GIVEN INFORMATION START
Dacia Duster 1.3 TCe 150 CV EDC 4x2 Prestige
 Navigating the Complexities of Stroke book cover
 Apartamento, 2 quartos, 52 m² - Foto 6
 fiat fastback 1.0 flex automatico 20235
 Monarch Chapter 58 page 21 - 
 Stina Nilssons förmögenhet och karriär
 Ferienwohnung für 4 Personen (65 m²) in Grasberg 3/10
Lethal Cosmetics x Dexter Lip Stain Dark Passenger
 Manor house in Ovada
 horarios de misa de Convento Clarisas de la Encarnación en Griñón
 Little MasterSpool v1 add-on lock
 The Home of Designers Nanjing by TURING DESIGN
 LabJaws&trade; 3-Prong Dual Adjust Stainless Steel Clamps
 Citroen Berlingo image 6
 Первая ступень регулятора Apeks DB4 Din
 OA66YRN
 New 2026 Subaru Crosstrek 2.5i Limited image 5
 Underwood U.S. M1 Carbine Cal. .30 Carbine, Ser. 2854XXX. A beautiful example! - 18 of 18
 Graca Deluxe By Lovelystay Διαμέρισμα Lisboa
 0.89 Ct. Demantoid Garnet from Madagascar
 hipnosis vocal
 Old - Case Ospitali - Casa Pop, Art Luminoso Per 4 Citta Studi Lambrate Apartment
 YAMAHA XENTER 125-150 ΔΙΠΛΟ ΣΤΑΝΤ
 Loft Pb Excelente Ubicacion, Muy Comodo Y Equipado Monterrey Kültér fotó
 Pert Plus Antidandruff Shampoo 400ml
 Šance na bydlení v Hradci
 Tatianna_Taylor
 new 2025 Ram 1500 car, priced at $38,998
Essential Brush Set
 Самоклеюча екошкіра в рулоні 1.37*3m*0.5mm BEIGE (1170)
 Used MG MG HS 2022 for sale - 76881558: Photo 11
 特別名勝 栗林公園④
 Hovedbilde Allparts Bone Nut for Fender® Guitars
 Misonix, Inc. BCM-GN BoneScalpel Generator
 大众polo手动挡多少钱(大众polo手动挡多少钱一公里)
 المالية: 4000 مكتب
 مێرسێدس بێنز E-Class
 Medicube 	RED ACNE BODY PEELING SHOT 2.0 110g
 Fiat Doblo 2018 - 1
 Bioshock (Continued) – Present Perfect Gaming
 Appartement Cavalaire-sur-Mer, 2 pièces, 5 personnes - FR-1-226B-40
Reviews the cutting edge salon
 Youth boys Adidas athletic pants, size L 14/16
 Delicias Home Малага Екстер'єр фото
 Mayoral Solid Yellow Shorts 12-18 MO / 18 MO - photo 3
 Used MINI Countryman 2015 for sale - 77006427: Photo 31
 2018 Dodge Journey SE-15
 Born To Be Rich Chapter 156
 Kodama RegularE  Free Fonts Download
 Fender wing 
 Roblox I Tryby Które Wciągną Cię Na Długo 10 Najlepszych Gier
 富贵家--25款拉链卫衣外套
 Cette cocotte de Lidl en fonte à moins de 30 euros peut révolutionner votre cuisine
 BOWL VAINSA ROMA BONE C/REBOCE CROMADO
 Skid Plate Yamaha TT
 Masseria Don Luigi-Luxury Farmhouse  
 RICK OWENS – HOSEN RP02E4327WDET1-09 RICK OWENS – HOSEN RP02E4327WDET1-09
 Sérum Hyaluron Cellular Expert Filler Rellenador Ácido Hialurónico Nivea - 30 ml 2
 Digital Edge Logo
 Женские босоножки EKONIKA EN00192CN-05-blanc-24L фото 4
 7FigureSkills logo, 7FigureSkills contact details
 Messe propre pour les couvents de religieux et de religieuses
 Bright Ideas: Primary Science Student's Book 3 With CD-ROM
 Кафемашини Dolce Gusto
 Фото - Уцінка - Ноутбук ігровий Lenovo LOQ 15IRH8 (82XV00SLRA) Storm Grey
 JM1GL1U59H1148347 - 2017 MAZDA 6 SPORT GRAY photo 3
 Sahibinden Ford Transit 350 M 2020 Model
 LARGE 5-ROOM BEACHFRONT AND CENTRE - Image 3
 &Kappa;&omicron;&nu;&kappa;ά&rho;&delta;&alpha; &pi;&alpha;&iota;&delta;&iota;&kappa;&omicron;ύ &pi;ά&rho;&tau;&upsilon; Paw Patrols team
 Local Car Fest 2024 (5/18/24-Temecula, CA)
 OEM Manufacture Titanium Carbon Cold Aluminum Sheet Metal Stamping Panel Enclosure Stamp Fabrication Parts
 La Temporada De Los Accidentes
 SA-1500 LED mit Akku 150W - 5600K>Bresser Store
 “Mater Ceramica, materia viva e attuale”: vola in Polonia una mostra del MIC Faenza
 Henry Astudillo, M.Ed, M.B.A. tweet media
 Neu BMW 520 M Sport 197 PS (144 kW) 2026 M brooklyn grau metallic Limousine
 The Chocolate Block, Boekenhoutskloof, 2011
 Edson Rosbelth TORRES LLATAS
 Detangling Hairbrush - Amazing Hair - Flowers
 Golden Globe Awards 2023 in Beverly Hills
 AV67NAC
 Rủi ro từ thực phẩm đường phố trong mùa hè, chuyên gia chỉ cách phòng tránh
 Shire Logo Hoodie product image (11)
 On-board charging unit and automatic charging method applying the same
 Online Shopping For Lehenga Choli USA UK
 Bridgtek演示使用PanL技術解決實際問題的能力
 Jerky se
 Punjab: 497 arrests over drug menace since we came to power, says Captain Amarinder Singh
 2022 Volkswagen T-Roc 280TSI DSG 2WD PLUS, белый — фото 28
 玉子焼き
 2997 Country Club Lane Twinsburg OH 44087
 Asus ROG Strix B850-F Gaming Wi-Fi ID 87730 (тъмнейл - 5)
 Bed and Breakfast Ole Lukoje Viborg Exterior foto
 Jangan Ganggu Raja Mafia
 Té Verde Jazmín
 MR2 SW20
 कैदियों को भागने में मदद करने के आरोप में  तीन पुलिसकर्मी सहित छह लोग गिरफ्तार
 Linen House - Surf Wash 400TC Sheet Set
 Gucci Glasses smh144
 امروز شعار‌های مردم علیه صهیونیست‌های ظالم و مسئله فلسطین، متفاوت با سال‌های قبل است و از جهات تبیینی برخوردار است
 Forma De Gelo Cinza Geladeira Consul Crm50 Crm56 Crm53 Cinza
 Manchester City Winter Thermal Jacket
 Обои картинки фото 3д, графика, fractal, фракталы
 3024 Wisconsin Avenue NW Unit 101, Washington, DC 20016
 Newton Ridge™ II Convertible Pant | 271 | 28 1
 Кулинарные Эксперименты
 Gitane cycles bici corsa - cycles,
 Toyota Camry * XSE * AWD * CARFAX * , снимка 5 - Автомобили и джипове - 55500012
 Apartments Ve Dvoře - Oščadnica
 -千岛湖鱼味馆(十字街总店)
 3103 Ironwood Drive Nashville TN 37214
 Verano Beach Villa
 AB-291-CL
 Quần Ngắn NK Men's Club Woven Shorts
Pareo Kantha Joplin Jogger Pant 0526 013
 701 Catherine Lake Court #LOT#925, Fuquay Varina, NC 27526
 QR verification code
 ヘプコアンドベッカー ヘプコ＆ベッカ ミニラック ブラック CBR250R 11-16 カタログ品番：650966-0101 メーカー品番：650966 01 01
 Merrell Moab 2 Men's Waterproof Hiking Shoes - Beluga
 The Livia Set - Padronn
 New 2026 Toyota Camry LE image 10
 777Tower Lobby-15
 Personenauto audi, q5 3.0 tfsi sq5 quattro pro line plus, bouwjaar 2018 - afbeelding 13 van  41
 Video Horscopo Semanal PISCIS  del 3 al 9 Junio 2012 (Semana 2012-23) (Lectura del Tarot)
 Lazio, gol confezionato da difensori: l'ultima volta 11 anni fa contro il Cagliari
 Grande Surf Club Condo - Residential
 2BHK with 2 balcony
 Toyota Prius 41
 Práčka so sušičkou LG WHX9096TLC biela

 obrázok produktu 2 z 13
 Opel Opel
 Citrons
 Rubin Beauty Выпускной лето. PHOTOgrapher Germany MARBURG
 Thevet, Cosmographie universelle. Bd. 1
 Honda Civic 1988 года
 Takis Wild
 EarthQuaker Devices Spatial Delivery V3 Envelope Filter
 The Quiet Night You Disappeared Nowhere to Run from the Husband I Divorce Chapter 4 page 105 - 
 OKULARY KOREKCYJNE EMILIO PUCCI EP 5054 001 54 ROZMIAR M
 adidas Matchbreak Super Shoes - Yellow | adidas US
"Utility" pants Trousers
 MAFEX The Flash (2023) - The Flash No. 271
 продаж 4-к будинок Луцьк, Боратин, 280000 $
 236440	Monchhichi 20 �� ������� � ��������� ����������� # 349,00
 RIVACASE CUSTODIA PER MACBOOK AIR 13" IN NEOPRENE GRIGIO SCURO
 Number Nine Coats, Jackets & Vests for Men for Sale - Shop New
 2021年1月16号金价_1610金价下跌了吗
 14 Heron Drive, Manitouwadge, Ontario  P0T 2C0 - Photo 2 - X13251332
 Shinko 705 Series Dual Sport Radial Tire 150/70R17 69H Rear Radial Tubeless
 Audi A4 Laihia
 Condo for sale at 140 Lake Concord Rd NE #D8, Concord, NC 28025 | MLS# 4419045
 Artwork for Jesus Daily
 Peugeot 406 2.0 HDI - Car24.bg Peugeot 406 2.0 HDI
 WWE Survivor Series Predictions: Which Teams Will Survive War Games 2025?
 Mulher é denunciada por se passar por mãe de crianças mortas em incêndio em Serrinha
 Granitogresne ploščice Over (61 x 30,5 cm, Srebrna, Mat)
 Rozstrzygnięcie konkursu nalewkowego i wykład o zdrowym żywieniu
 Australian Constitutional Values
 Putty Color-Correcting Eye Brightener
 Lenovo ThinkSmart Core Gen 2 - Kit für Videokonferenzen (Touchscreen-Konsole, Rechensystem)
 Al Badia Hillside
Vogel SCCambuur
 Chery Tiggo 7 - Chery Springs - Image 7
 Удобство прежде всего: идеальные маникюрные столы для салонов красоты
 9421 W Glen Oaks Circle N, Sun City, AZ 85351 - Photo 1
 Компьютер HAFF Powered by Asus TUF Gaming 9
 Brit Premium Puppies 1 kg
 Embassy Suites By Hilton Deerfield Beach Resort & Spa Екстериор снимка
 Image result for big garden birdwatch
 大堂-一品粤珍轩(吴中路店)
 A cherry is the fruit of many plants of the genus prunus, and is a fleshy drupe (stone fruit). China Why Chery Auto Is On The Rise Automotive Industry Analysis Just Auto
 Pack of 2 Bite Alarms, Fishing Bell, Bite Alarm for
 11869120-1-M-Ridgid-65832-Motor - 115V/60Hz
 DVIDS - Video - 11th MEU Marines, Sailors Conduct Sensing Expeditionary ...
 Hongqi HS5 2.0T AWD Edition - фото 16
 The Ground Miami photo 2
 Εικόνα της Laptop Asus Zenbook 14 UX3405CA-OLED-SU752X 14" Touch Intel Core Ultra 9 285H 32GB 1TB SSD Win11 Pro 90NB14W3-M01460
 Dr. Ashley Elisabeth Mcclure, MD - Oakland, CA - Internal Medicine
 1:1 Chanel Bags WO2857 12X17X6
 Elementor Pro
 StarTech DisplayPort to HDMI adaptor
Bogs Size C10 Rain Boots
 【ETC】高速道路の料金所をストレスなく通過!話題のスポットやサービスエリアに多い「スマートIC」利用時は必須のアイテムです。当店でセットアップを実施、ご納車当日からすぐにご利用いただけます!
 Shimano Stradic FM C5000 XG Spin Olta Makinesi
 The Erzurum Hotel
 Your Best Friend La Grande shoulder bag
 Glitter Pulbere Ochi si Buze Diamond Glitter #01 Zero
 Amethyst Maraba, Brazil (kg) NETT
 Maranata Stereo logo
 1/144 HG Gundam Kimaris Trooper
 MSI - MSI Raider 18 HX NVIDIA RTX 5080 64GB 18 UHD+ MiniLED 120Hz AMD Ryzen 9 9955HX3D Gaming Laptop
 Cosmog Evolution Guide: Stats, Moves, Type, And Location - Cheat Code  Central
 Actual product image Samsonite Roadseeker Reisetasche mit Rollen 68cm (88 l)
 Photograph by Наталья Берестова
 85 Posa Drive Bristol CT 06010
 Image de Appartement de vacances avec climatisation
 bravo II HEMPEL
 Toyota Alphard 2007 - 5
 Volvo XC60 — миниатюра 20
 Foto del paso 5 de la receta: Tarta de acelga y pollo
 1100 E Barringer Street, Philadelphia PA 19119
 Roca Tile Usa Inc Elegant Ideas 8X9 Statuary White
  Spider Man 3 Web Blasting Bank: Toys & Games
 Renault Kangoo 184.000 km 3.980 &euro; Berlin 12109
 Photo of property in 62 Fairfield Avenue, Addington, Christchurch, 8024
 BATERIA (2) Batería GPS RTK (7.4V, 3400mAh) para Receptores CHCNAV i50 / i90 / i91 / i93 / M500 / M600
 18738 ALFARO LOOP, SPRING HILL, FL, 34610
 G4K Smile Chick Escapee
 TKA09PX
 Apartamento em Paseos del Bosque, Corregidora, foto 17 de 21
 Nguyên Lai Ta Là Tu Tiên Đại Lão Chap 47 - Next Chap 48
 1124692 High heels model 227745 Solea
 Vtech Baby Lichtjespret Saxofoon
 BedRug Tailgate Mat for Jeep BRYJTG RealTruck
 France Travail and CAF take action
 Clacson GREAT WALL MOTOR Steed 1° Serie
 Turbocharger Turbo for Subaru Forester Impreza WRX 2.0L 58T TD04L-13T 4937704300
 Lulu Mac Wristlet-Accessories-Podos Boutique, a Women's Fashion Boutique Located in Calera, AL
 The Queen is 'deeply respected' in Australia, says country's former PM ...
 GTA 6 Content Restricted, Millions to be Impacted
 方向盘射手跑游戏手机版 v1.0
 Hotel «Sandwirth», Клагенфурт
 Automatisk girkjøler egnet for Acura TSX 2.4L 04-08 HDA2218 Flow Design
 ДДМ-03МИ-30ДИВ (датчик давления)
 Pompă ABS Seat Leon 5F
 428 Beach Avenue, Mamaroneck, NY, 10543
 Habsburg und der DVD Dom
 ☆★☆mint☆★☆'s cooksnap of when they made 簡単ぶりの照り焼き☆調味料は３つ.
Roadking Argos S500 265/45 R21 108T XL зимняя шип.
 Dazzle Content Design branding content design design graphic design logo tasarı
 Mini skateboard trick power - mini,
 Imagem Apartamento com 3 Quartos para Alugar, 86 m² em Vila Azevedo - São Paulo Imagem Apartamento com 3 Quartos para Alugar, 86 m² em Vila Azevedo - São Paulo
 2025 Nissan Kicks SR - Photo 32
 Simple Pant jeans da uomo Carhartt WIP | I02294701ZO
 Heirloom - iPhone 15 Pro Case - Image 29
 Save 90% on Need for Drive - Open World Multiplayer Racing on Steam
GIVEN INFORMATION END
--- WHAT NEEDS TO BE DONE ---
Wherever a line in the data above holds "City", copy that line.

--- SOLVED PROBLEM ---
 Manchester City Winter Thermal Jacket
 9421 W Glen Oaks Circle N, Sun City, AZ 85351 - Photo 1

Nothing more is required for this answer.